Your goal
With nothing left out, repeat every entry exactly.

--- Source material Enclosed Below ---

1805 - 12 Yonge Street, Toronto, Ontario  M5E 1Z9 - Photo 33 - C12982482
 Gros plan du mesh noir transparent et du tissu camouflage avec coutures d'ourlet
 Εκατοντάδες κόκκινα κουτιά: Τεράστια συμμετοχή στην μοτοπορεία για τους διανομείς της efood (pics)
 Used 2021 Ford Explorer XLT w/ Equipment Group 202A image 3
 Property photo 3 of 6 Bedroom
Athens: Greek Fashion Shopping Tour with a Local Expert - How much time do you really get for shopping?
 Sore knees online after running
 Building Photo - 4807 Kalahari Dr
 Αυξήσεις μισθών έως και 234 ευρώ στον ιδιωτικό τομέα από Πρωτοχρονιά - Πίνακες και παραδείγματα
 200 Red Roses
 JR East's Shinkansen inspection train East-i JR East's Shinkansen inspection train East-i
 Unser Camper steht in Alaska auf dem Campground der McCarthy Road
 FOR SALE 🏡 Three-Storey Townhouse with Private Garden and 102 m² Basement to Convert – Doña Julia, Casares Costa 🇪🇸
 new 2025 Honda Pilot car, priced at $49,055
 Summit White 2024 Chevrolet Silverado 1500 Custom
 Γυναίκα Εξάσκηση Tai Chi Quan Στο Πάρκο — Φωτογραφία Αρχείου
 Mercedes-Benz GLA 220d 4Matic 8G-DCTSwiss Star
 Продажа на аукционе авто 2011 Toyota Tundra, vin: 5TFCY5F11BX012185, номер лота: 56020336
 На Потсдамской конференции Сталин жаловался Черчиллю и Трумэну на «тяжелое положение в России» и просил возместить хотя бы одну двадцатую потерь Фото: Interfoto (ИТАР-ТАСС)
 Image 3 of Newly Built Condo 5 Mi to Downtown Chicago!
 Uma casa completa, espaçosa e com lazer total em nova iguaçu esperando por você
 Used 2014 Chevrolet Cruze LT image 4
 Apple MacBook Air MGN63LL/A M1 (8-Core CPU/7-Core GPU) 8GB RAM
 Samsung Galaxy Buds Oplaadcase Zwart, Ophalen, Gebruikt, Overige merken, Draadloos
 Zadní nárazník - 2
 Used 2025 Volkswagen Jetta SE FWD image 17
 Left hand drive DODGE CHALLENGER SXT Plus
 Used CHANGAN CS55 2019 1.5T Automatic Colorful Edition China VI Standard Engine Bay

--- End of Enclosed Source material ---

Result of the exercise
1805 - 12 Yonge Street, Toronto, Ontario  M5E 1Z9 - Photo 33 - C12982482
 Gros plan du mesh noir transparent et du tissu camouflage avec coutures d'ourlet
 Εκατοντάδες κόκκινα κουτιά: Τεράστια συμμετοχή στην μοτοπορεία για τους διανομείς της efood (pics)
 Used 2021 Ford Explorer XLT w/ Equipment Group 202A image 3
 Property photo 3 of 6 Bedroom
Athens: Greek Fashion Shopping Tour with a Local Expert - How much time do you really get for shopping?
 Sore knees online after running
 Building Photo - 4807 Kalahari Dr
 Αυξήσεις μισθών έως και 234 ευρώ στον ιδιωτικό τομέα από Πρωτοχρονιά - Πίνακες και παραδείγματα
 200 Red Roses
 JR East's Shinkansen inspection train East-i JR East's Shinkansen inspection train East-i
 Unser Camper steht in Alaska auf dem Campground der McCarthy Road
 FOR SALE 🏡 Three-Storey Townhouse with Private Garden and 102 m² Basement to Convert – Doña Julia, Casares Costa 🇪🇸
 new 2025 Honda Pilot car, priced at $49,055
 Summit White 2024 Chevrolet Silverado 1500 Custom
 Γυναίκα Εξάσκηση Tai Chi Quan Στο Πάρκο — Φωτογραφία Αρχείου
 Mercedes-Benz GLA 220d 4Matic 8G-DCTSwiss Star
 Продажа на аукционе авто 2011 Toyota Tundra, vin: 5TFCY5F11BX012185, номер лота: 56020336
 На Потсдамской конференции Сталин жаловался Черчиллю и Трумэну на «тяжелое положение в России» и просил возместить хотя бы одну двадцатую потерь Фото: Interfoto (ИТАР-ТАСС)
 Image 3 of Newly Built Condo 5 Mi to Downtown Chicago!
 Uma casa completa, espaçosa e com lazer total em nova iguaçu esperando por você
 Used 2014 Chevrolet Cruze LT image 4
 Apple MacBook Air MGN63LL/A M1 (8-Core CPU/7-Core GPU) 8GB RAM
 Samsung Galaxy Buds Oplaadcase Zwart, Ophalen, Gebruikt, Overige merken, Draadloos
 Zadní nárazník - 2
 Used 2025 Volkswagen Jetta SE FWD image 17
 Left hand drive DODGE CHALLENGER SXT Plus
 Used CHANGAN CS55 2019 1.5T Automatic Colorful Edition China VI Standard Engine Bay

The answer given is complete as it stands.